OK, so here's the thing - this is my third day staying at home with Christina, with no official plans. This is primarily because she came down with a nasty cold yesterday, so we had to cancel the plans that we had. And I am SO BORED! Now I find myself thinking that maybe I'm trying too hard to convince myself that I need to stay home more. After all, God made me this way - outgoing and social. I remember different times when I've been unemployed, and while it's nice for a while to sit at home and watch TV or read books, after a little while I find myself NEEDING to find a new job, if only for a way to get out of the house and back into the world. I really like to have a specific reason to get up and get going in the morning - otherwise I'll just stay in my sweats all day and feel like I haven't accomplished anything. I don't know why for me "accomplishing something" means getting out of the house, but it does.
Don't get me wrong, I don't regret passing on the Bible study. Even if I did feel like I had room in my schedule for it, I still don't think Christina would do very well separated from me for those two hours in the children's class. Even at Sunday School at church, I've been told that Christina mainly sticks close to the adult leaders rather than the kids. Evidently Christina likes to "help" Miss Janet (one of the teachers) take the older kids to the bathroom when they have to go potty! This really shouldn't be a surprise to me, since my parents told me that as an only child, I always felt more comfortable around adults than kids.
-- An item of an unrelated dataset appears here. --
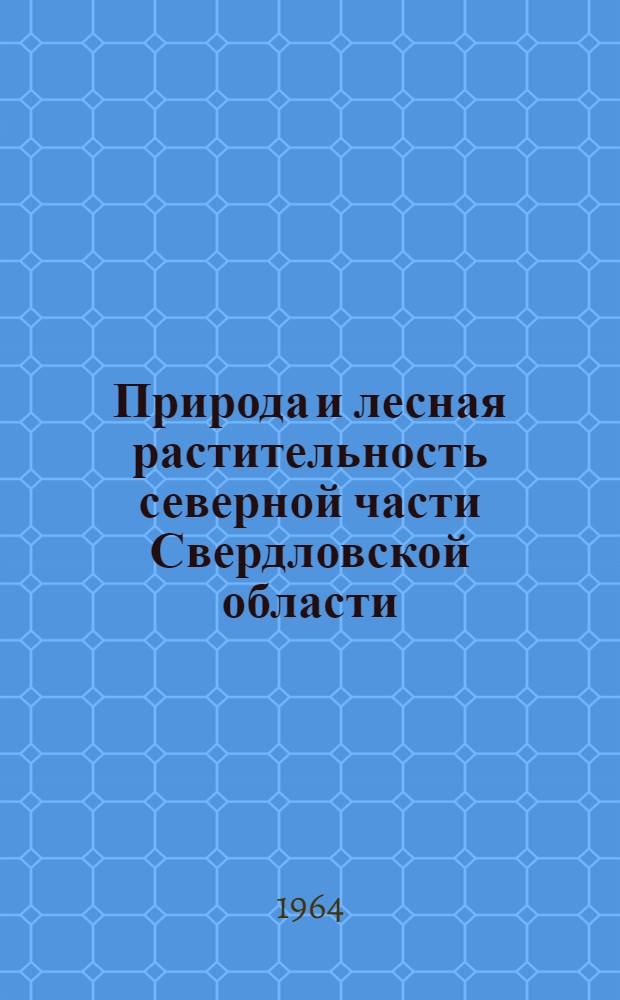 Природа и лесная растительность северной части Свердловской области : Сборник статей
So now I'm just confused. I can't figure out which part of this argument in me is the Flesh talking, and which part is the Spirit. Of course, I need to remember that God is all about the PROCESS. Maybe it's not about making all of these changes in my life all at once. Maybe I just need to reduce my outside activities to a few days a week, and spend the other days at home. It's hard for me to believe that BOTH of these voices inside me are the Spirit, since they are such opposing viewpoints. So again I pray: "Dear God - help!"